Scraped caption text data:
------------------------

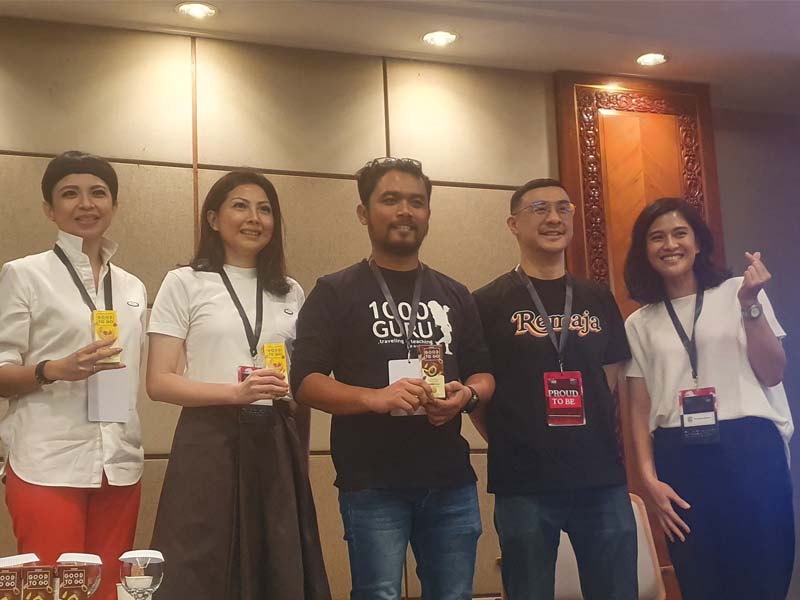(Dari kiri ke kanan) Yunie Jie, Claudia Halim, Jemi Ngadio, Axton Salim, dan Dian Sastro mengisi kelas di IdeaFest 2019, Sabtu (5/10).
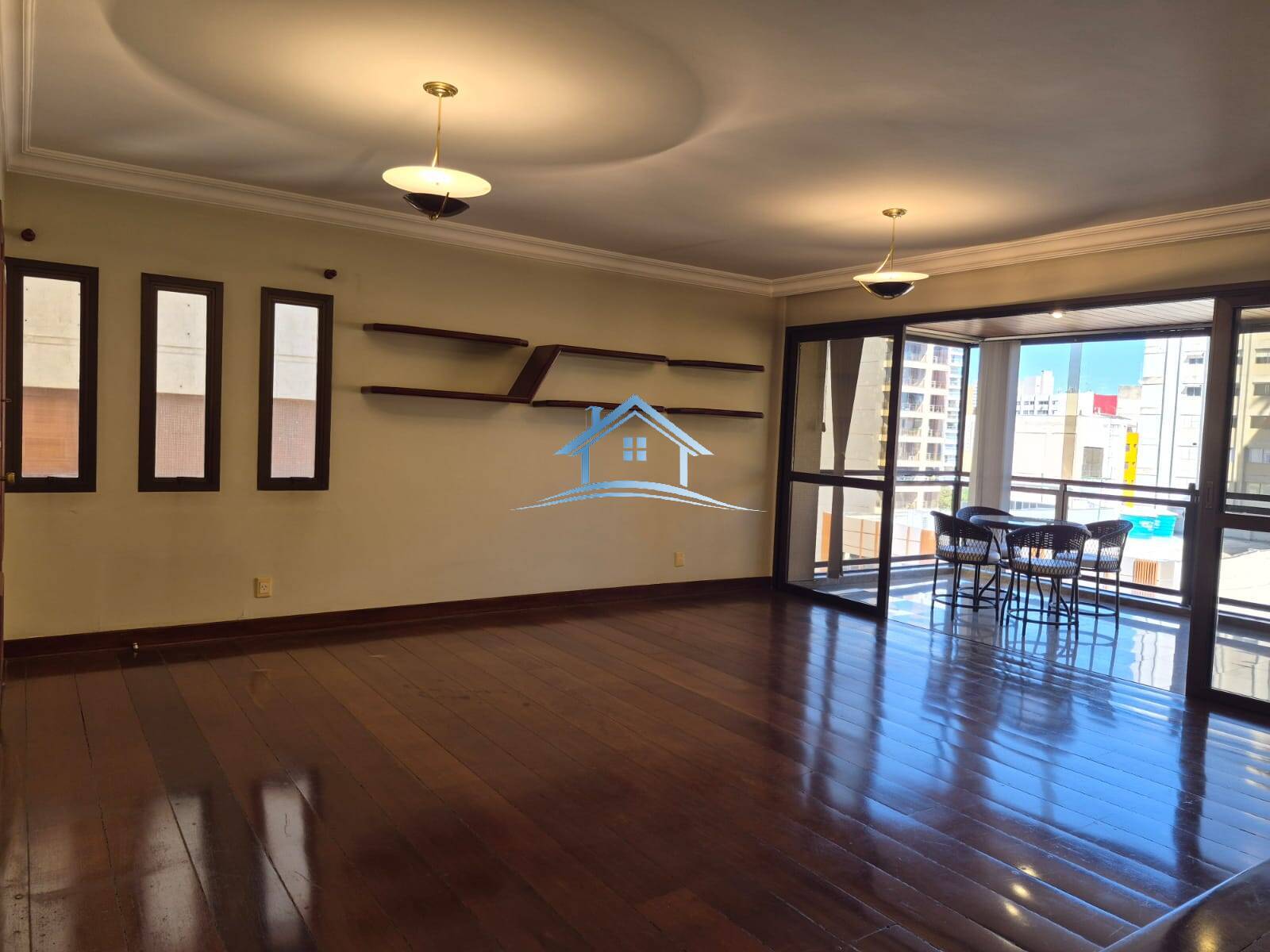 Apartamento, 3 quartos, 188 m² - Foto 1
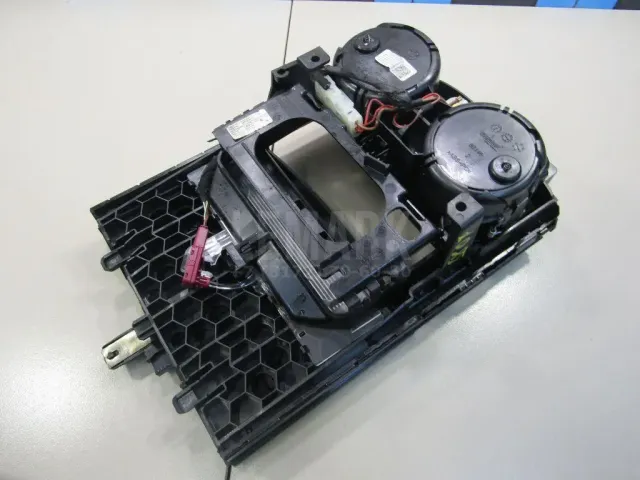 Ящик передней консоли для  GM GMC Envoy 2001-2009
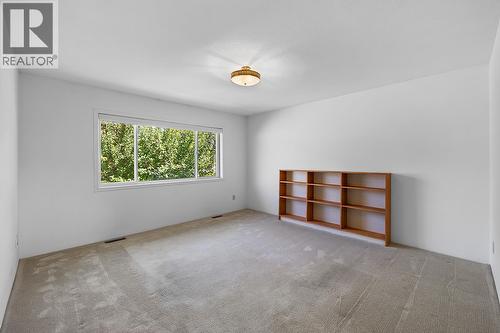 329 6Th Ave S Avenue, Creston, BC - Indoor Photo Showing Other Room
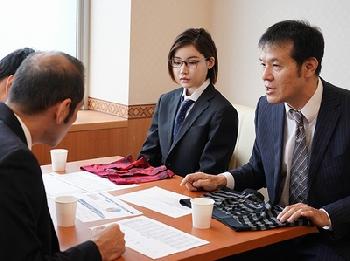 男装バレた女性会社員が上司を口止めするため朝までコンドーム未装着の膣射性交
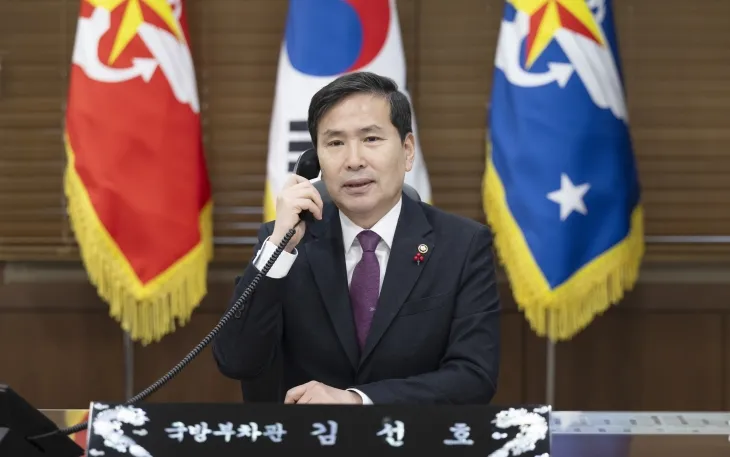 김선호 국방부 장관 직무대행이 31일 오전 피트 헤그세스 미국 국방장관과 첫 전화통화를 하고 있는 모습. 국방부 제공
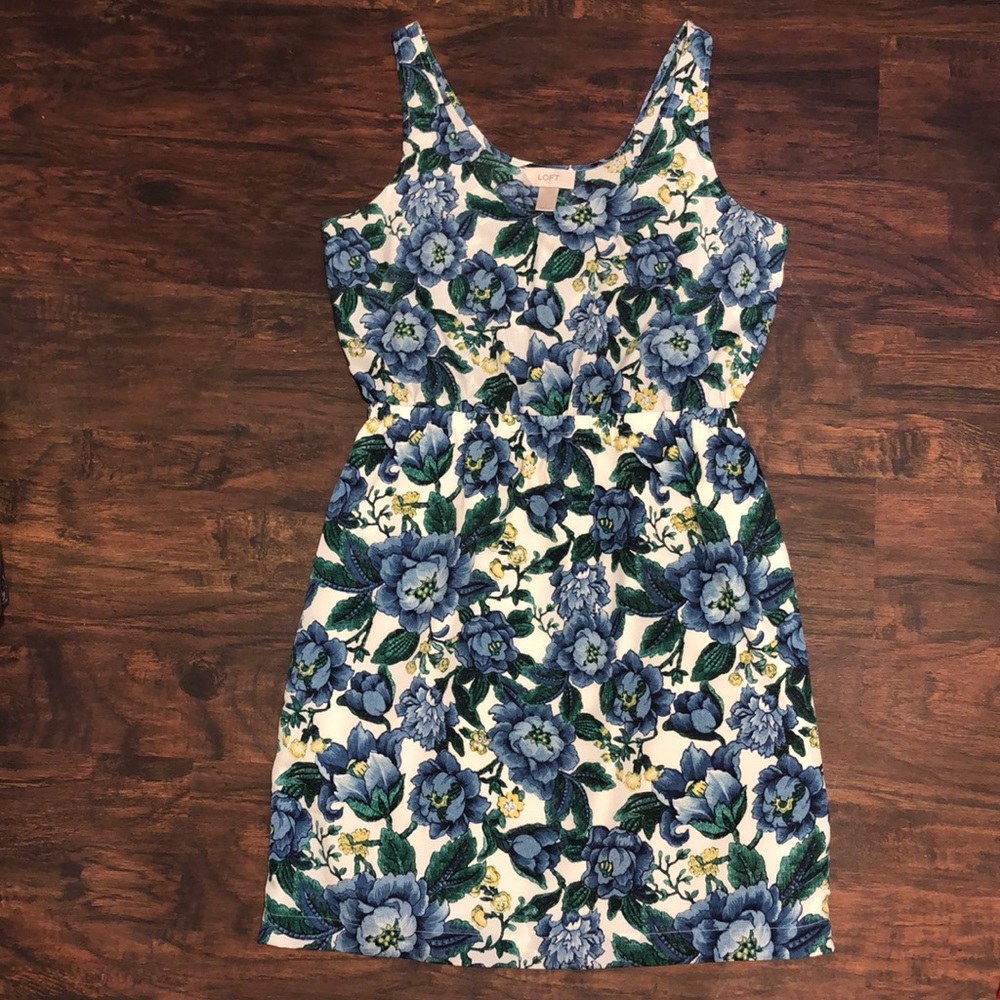 Women’s silky loft dress size 2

------------------------

Give back exactly the lines running from the one that contains "Ящик передней консоли" to the end of the records, including both of those lines and excluding every picture.

 Ящик передней консоли для  GM GMC Envoy 2001-2009
 329 6Th Ave S Avenue, Creston, BC - Indoor Photo Showing Other Room
 男装バレた女性会社員が上司を口止めするため朝までコンドーム未装着の膣射性交
 김선호 국방부 장관 직무대행이 31일 오전 피트 헤그세스 미국 국방장관과 첫 전화통화를 하고 있는 모습. 국방부 제공
 Women’s silky loft dress size 2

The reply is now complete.